撤去された「平和の少女像」を展示――丸木美術館学芸員が語る、表現の自由と「慰安婦」問題
そんな岡村氏は、『表現の不自由展・その後』中止問題をどう見たのか。「平和の少女像」について、河村たかし・名古屋市長が「どう考えても日本人の、国民の心を踏みにじるもの」と批判し、世間でも同様の抗議が聞かれている。岡村氏は「平和の少女像」も出品された15年開催の『表現の不自由展』では「目立った拒否反応が出ていなかった」点を踏まえつつ、「今回大きな騒動になったのは、やはり『公的な展覧会で「平和の少女像」が取り上げられた』という点が大きかったのではないでしょうか」と見解を述べる。

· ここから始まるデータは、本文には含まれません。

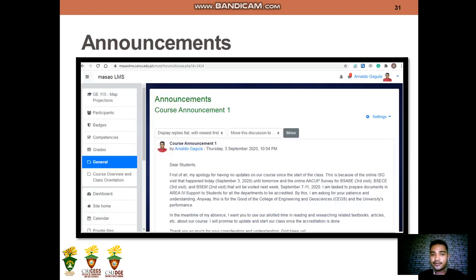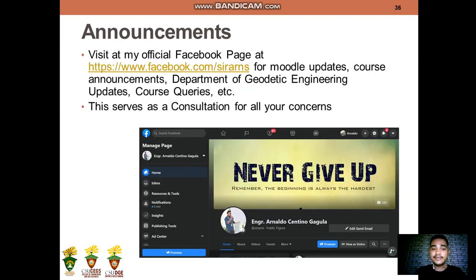For announcements, I have allotted a tab in the Moodle LMS for all announcements in this subject. I posted one last September 3, 2020. From time to time, update your Moodle account to stay current in this course. You can also visit my Facebook page for Moodle updates, course announcements, Department of Geodetic Engineering updates, and course queries.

「こうした背景を踏まえると、どうやら今この国の『表現の自由』というものは、プライベートな空間においては一定許されるが、パブリックな空間においては制限される――そんな暗黙の了解を感じ取りました。それ自体を、私はおかしいと思っています。日本では、上からの指示に従うのが『パブリック』の在り方なのか。本来は、少数弱者の意見も主張できる機会を担保するのが、『パブリック』の重要な役割だと思うのですが……日本の『パブリック』は成熟していないという現状を感じました」
なお東京都美術館の件は、公立の展示施設が、主催団体(JAALA)にスペースを貸し出し、その展示作品に対して撤去の判断を下した構図で、「こちらも新聞報道されましたが、今回のような大きな騒ぎにはならなかった」という。
一方で、岡村氏は学芸員として、「表現の自由」の難しさに直面することもあるという。「あくまで私個人の見解であり、ほかの美術館の学芸員の方とは異なるかもしれませんが」と前置きした上で、次のように「表現の自由」に対する思いを語ってくれた。
「美術館というのは、ある種の権威にならざるを得ない部分もあるのです。よく丸木美術館は『表現の自由の牙城』だと言われることがあります。ただ、それはあくまで一面から見ればそうなのであって、別の意見を持っている人から見るとそうではない。例えば、丸木美術館では『戦争賛成』をテーマにした展示はやりません。もちろん、できる限り規制はしたくないと思うのですが、展示によっては、本来存在しないはずのボーダーがどこにあるかを探り当てる仕事を、せざるを得ないのです。その場所の『文脈』を著しく外れるものが現れた時に、どう対処するかは、誰かが決断しなければいけない。そう考えると、学芸員は、時に『表現の自由』を制限する側に回らざるを得ない仕事だと、私は思っています。ですから、『表現の自由』という言葉を使う際には、少しうしろめたい気持ちになります」
『あいちトリエンナーレ』にもまた、そもそもボーダーは存在しない。しかしその中で、一定の合意を得られるボーダーを見極めていくのは、簡単なことではないだろうと、岡村氏は言う。
「丸木美術館でも、作家に対して『この作品は刺激が強いので、ネガティブな反応も予想されるが、どう思うか』と意見を聞き、作家の判断で丸木美術館の文脈や歴史性を踏まえた別の作品を出品したことは実際にあります。表現を委縮させてしまってはいけないが、作家と対話を重ねて、この場所で展示をする意味を考え、しかし予定調和に陥ることのない表現とは何かを探って、合意していくプロセスは大事。同時に、『どんな反応が起こり得るか』『その反応に現場の職員が対応できるか』という現実的な問題も考え、十分に対処する必要があるのではないでしょうか。そこまで準備して初めて、展示が決定すると思っているので、『表現の不自由展・その後』が3日で中止となったことについて、私は『それでも社会に一石を投じたことに意味がある』とは言えません」
『あいちトリエンナーレ』芸術監督の津田大介氏に対しては、「作家を受け入れる側としては、最後まできちんと向き合う必要がありますし、展示を決断した以上は最後まで継続するのが最低限の責任と思っています」と岡村氏。しかし今回、「それがなされないほどの大きな圧力がかかったのでしょう。もちろん一番問題なのは、不当な圧力をかける側なのは間違いありません」という。